İhtiyacı olanların ve halkın yanında oldu, kimsesizlerin kimsesiydi.

Bu nedenle seçimlerde Dere mahallesinden, TEK ve TKİ lojmanlarından neredeyse tulum çıkarırdı. 

Başkan olduğunda ezberleri bozdu.

Başkanlık makamının kapısını hiç kapatmayacağına dair söz vermişti,

söz verdiği gibi 20 yıl boyunca kapısını hiç kapatmadı.

Partili, partisiz herkes istediği an makama giriyor ve Haşmet Başkan’a ulaşıyordu.

Diğer başkanlardan randevu almak bir mesele, beyler ya toplantıdadır ya da yerlerinde yoktur. 

Havalar güzel olduğunda makam odasını belediyenin önündeki parka açık havaya taşıyordu.

Sosyal ve yeni nesil belediyecilik kültürünün oluşmasını sağladı.

Deve güreşleri, Yatağan spor maçları, gençlik kültür ve sanat festivalleri, halk konserleri,

pazar yeriyle, mahalleler arasında halkı taşıyan çekçekler, daha birçok hizmet onun eseridir.

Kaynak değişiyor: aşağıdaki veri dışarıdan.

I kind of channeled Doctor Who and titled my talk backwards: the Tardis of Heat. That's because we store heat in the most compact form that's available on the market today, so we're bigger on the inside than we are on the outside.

Deve güreşi dedim de, itiraf edeyim deveci kıyafeti en çok ona yakışıyordu.

Ayağında körüklü çizmesi, küloş pantolonu, yeleği, sekiz köşe şapkası,

ve boynunda yağlığıyla, davul zurnanın ritminde sahaya sığmazdı.

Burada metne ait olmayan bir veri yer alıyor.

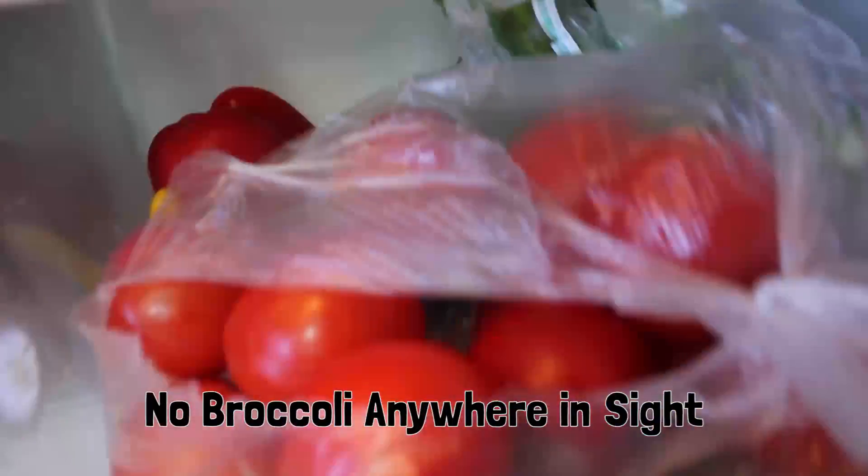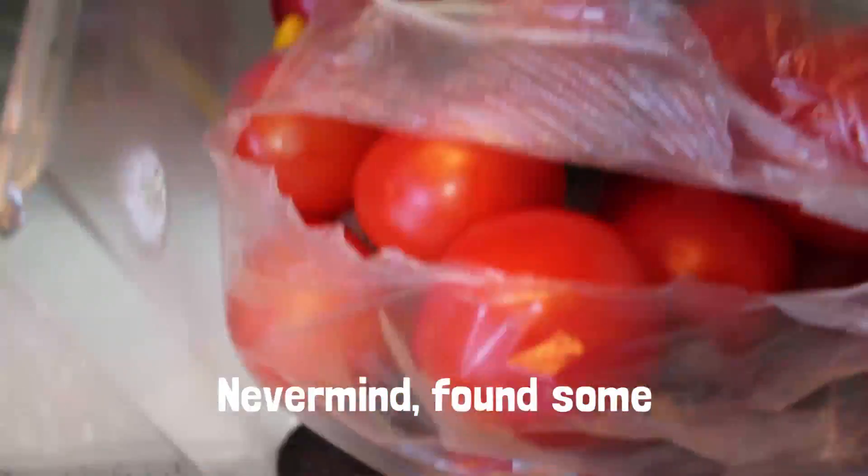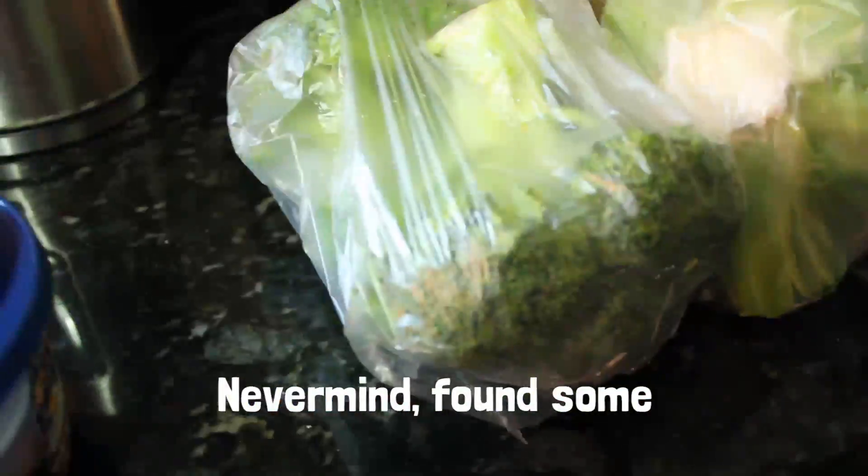YouTube, it's Cram! Why are trees shaped like broccoli? Or are broccoli shaped like trees? Why aren't all trees shaped like broccolis? The answer is simple: evolution and sunlight.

Haşmet Başkan’ın Yatağan’a yaptıklarını ve ona yapılan saldırıları yazmaya kalksam kitap olur.

Hataları, zaafları var mı, tabi ki her insan gibi var, ancak ben genele bakarım, münferide takılmam.

Hasan Haşmet Işık iyi bir insandı, içi dışı bir, olduğu gibiydi.

Eylemlerimize, direnişlerimize tüm belediye personeliyle birlikte destek verirdi.

Yatağan direnişinin özü İşçi, Sendika ve Yerel yönetimlerin bir araya gelmesinden oluşurdu.

O’nu hep gülen yüzü, sıcak ve sevecen kişiliğiyle hatırlayacağız.

Ailesine ve sevenlerine sabırlar diliyorum, hepimizin başı sağolsun,

Işıklar içinde yat Haşmet Başkan, yıldızlar yoldaşın olsun!

Hoş kalın, İnançla ve Dirençle kalın!